Even so, there was smoke in the air close to those vineyards for some time before all our grapes were picked.
Our first pick, on the 24th of August, was at Witters’ Vineyard; we harvested just over three and one-half tons of Gamay there that morning. The fruit was wonderfully ripe at very modest sugar level: 20.4 Brix. pH was 3.28, total acidity slightly over 7 grams per liter.
Grapes were whole-cluster pressed, and, after settling overnight, the juice was transferred to a small stainless tank to ferment.
Gamay was picked from three separate blocks at Barsotti Ranch on September 2nd, at numbers very close to those from Witters: Brix was 20.3, ph 3.28, and acidity at 6.7 grams per liter. It, too was whole-cluster pressed, and the juice was transferred to stainless to ferment, after settling overnight.
Fermentations began on their own, and proceeded easily over a couple of weeks, to dryness. The tank was chilled down to around 40 degrees Fahrenheit, and a bit of SO2 was added to block malolactic.
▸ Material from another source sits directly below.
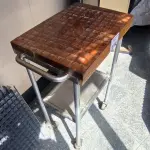 LOTE 114 - CARRINHO DE MADEIRA E INOX. (NO ESTADO, NÃO SABEMOS SE FUNCIONA. LEILÃO NÃO TEM GARANTIA E NEM DEVOLUÇÃO).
The wine, however, had its own ideas, and for the first time ever, our rosé underwent malolactic anyway! (It seems to have been, speaking of anomalies, one of those strange years when the grapes have a much lower level of malic acid, and it takes almost nothing to push the malo through; it happened with our white wine from 2020 also.)
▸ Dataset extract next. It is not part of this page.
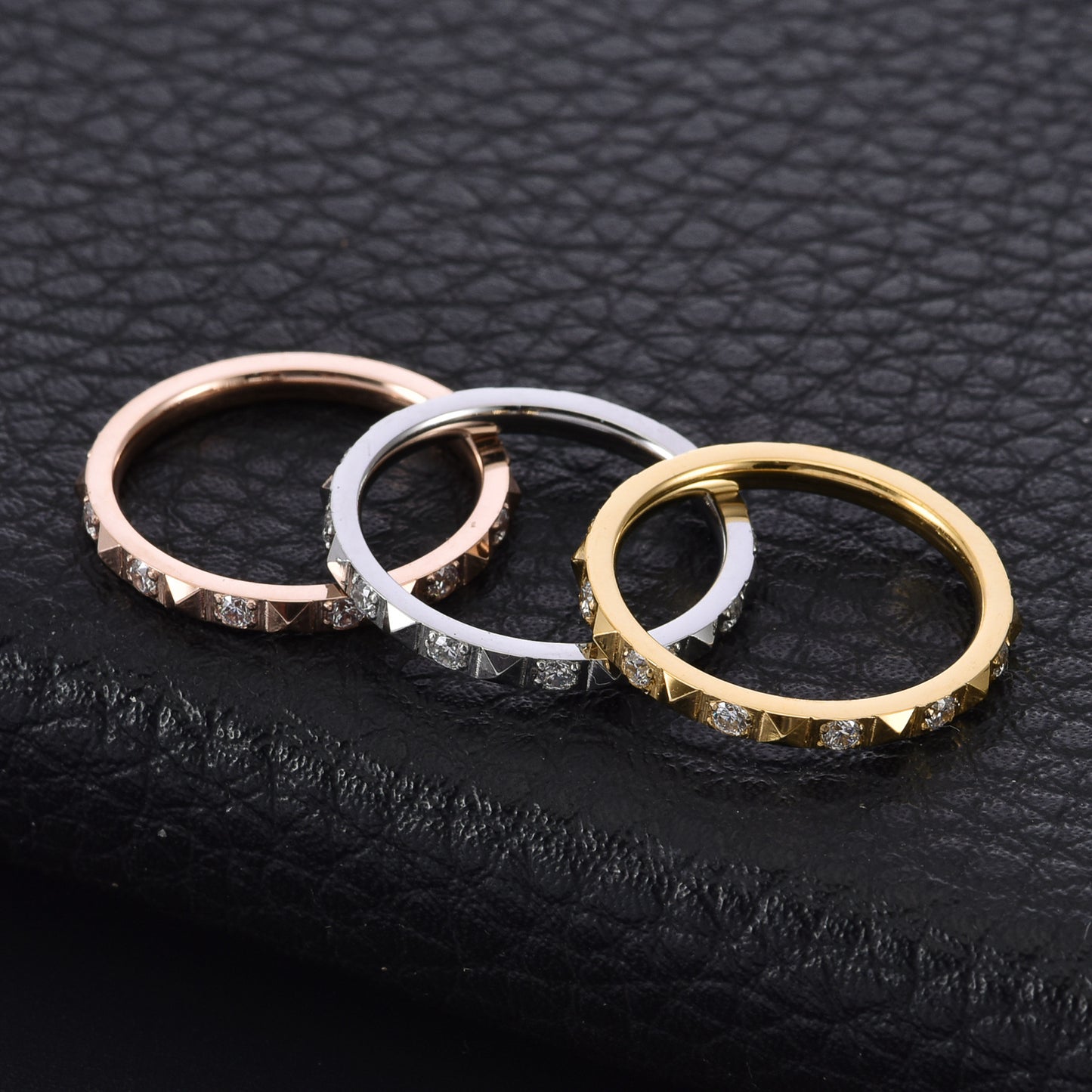 Women's Titanium Steel Fairy Style Pyramid Circle Fresh Gold Rings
The wine stayed on primary lees for just over three months, and was subsequently racked twice (once for blending the two lots) prior to bottling, on the 21st of January.
2020 seems to have been a year that produced rosés somewhat lighter in color than previous vintages, though it didn’t seem that the grapes were deficient in pigment. Our Gamay rosé has a lovely light pink color, with just a whisper of blue at the edges. The aromas are pretty, fresh and ebullient; a gleeful mix of spice and fruit, very typical to this Gamay.
On the palate the entry is lovely, highly energetic layers of spice, pretty berry fruit, a savory highlight of pepper, and pulsing with firm, lively acidity. The finish is long, riveting, and thirst-provoking. For a wine that has been in the bottle so few days, this is really quite a pleasure; a few weeks of settling down in the bottle should have it singing nicely for your supper. (It reminds me, in its just-bottled state, of the 2017 Bone-Jolly Gamay Rosé, for balance and ebullience, its Jouissance! But it seems to have an extra dimension, which I’m inclined to attribute, at least in part, to the completion of the malolactic fermentation; there’s a savoury element there that provides a smattering of underlying gravitas. On the other hand, perhaps in a wine from a year like 2020 (or maybe every year), there is no jouissance sans gravitas.